Bloomberg was the turkey at a turkey shoot during Democratic debate: Goodwin

In the months before he decided to run for president, Michael Bloomberg swore he wouldn’t take the plunge. Over and over, he told friends there was no place for him in the Democratic Party.

He might have been right, to judge from the beating he took in Las Vegas. His first debate was the night he dreaded and while his race for the nomination isn’t DOA, the road to victory just got a lot tougher.

His record and notorious past comments were easy pickings, and his rivals repeatedly aimed their fire at his billions, turning his wealth into a crime against humanity. Sometimes they misfired, but mostly they struck gold with their broadsides.

The audience ate it up, and Bloomy must have felt like the turkey in a turkey shoot.

The most devastating blow was Sen. Elizabeth Warren’s demand that he release women from the nondisclosure agreements they signed after complaining about sexual harassment or other issues at his Wall Street firm. Usually self-assured to the point of cockiness, Bloomy looked like a deer in the headlights, frozen with a mix of indecision and embarrassment.

Eventually he said no, he would not release the women and let them talk, but by then he had lost the argument. Joe Biden then piled on for good measure.

That’s not to suggest Bloomberg is completely finished. The heart of his case — that having Sanders as the nominee will hand Donald Trump four more years — cannot be dismissed and will still ring true for a lot of Democrats.

And Bloomberg will still keep using his money to paper voters in the Super Tuesday states with wall-to-wall television ads. Indeed, during the debate, his team was shadowing the topics by sending out statements on positions that tried to amplify or clarify things he said. Missives on stop-and-frisk, gender equality and the environment were among the handful I received during the debate.

Bloomberg’s best moment came in a showdown with Sanders, calling the Vermont senator’s attacks on the American system “ridiculous” and declaring that the entire conversation would be the best argument for re-electing Trump.

“We’re not going to throw out capitalism,” Bloomberg said sharply. “We tried that. It was called communism.”

When Sanders shot back that he was talking Democratic socialism, Bloom drew blood by saying Sanders is “the best known socialist in the country and happens to be a millionaire with three houses.”

Exchanges like that made the two hours fly by.
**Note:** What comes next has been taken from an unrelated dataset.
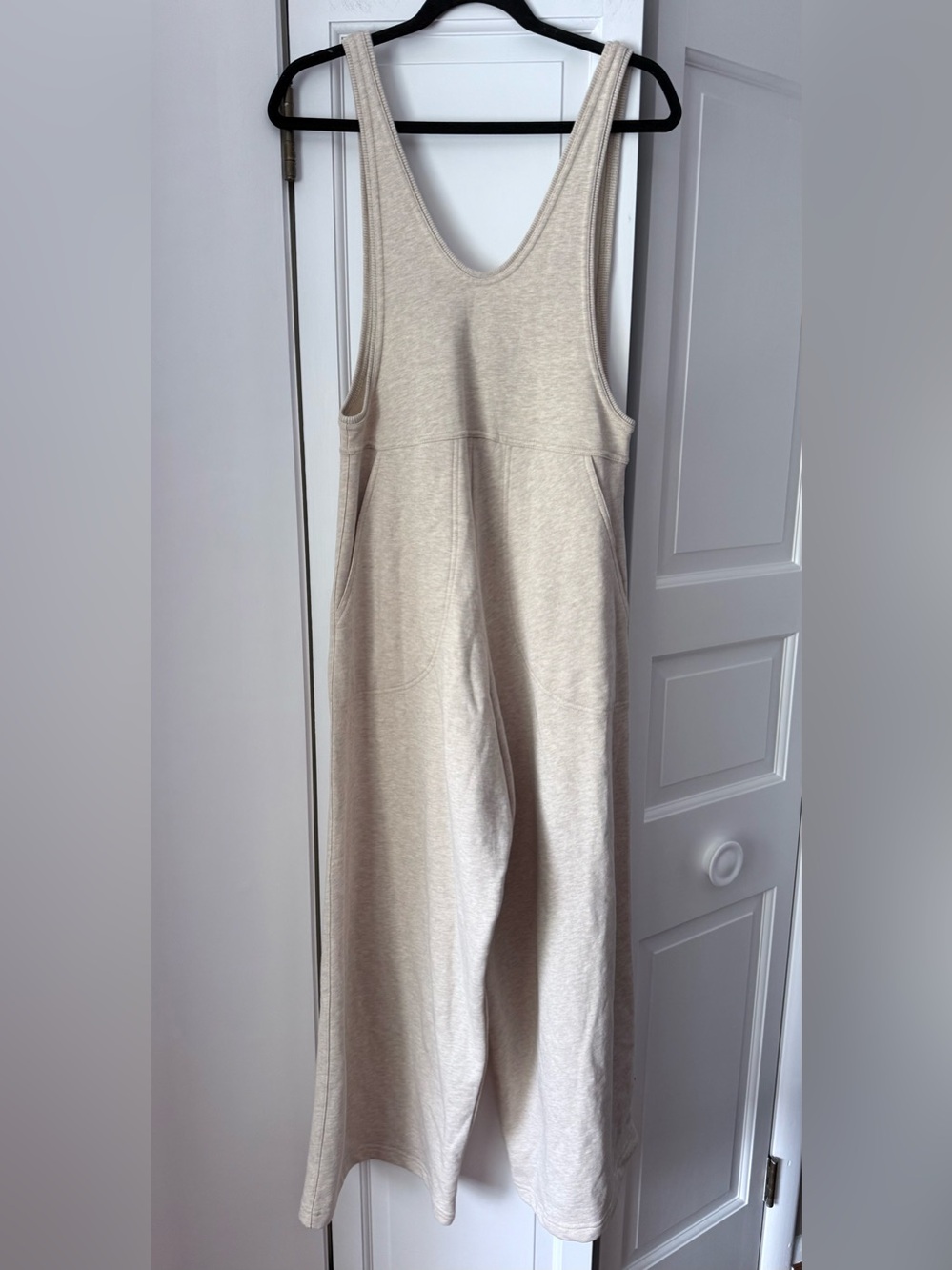 ANA + ZAC Wide Leg Lounge Jumpsuit Oatmeal Beige Size Small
With Sanders the clear front-runner, most of the others came with the same goal — to be the lone alternative, and then defeat Sanders by painting him as too far left to win the general election.

One result was the classic shootout in a lifeboat, with everybody sniping at somebody. Pete Buttigieg and Amy Klobuchar went at each other all night, as did Buttigieg and Sanders, and Warren went after Buttigieg and Klobuchar. At the end, none of them really stood out enough to change the basic contours of the race.

With one exception. Nobody went after Biden, which is bad news for him. It means the others have decided he’s not a threat and that he’s collapsing without being pushed. They don’t want to alienate his supporters, so they’ll wait until he quits.

You can’t blame them. Although Biden had several good moments, his ghostly appearance and the way he gets lost in the weeds of his own thoughts on complicated answers suggests the end is near. Not so long ago, he was the front-runner, and now he’s toast.